Cet engagement a été formalisé lors d’une cérémonie organisée par le L’Afrique catalyse l’action en faveur de la nutrition (AfriCAN) à Buea le vendredi 28 juin.

Le rapport 2023 du Bureau de la coordination des affaires humanitaires des Nations Unies (OCHA) a identifié 289 enfants souffrant de malnutrition aiguë sévère dans les régions anglophones du Cameroun, gravement touchées par le conflit.

De ce nombre, 200 enfants se trouvent dans la région du Nord-Ouest et 89 dans celle du Sud-Ouest.

Ces résultats sont encore aggravés par la publication par le Cadre intégré de classification de la sécurité alimentaire (IPC) d’une étude montrant que près de 400 000 enfants camerounais âgés de 6 à 59 mois devraient être confrontés à une malnutrition aiguë entre novembre 2023 et octobre 2024.

Cela comprend environ 147 000 cas de malnutrition aiguë sévère et 248 000 cas de malnutrition aiguë modérée.

En outre, plus de 12 000 femmes enceintes et allaitantes devraient être confrontées à une malnutrition aiguë au cours de cette période.

Les principales causes identifiées comprennent le manque d’une alimentation équilibrée, les prix élevés des denrées alimentaires, ainsi que les conflits et l’insécurité persistants.

Dans ce contexte, les jeunes du Sud-Ouest se mobilisent pour lutter contre la crise de la malnutrition.

La cérémonie à Buea a marqué le point culminant de l’initiative d’AfriCAN visant à former ces jeunes sur l’importance d’une bonne nutrition.

La formation, qui fait partie du programme « Créer des communautés alphabétisées en nutrition », baptisé « Une bonne nutrition commence avec moi », a permis aux participants d’acquérir des connaissances sur les régimes alimentaires équilibrés, les aliments autochtones africains, l’agriculture, le changement climatique et la santé, tous liés à la nutrition.

Le Dr Ngongi Namanga, président du conseil d’administration d’AfriCAN et directeur pays pour le Cameroun, a souligné l’importance de méthodes correctes de préparation des aliments pour lutter contre la malnutrition.

« Nos pays d’Afrique souffrent de malnutrition non pas à cause d’un manque de nourriture, mais à cause du manque de méthodes correctes de préparation des aliments », a-t-il expliqué.

Il a exhorté les jeunes à intégrer les principes d’une bonne nutrition.

« Pour les jeunes que nous ciblons, nous voulons qu’ils acceptent qu’une bonne alimentation commence par eux.
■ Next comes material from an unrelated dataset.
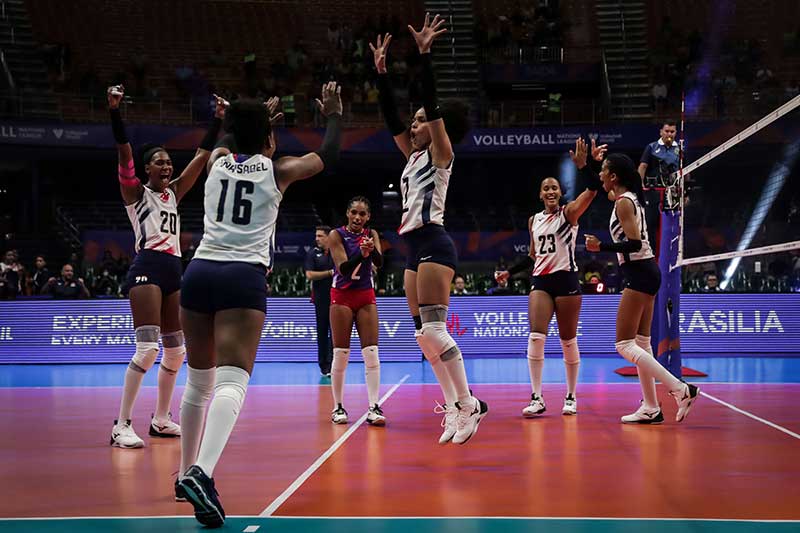 La Selección de Voleibol Femenina de Mayores de la República Dominicana conquistó este miércoles su primera victoria en la Liga de Naciones (1-4) tras vencer 3-0 (25-21, 25-17 y 25-13) a Korea, en la continuación del Grupo 3, de la Liga de Naciones que se celebra aquí.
Pour convaincre quelqu’un d’une bonne alimentation, il faut en être convaincu.

Les jeunes qui ont participé à la formation sont désormais censés diffuser ces connaissances vitales au sein de leurs communautés.

L’objectif primordial est d’éradiquer la malnutrition, un problème persistant dans de nombreuses régions du Cameroun.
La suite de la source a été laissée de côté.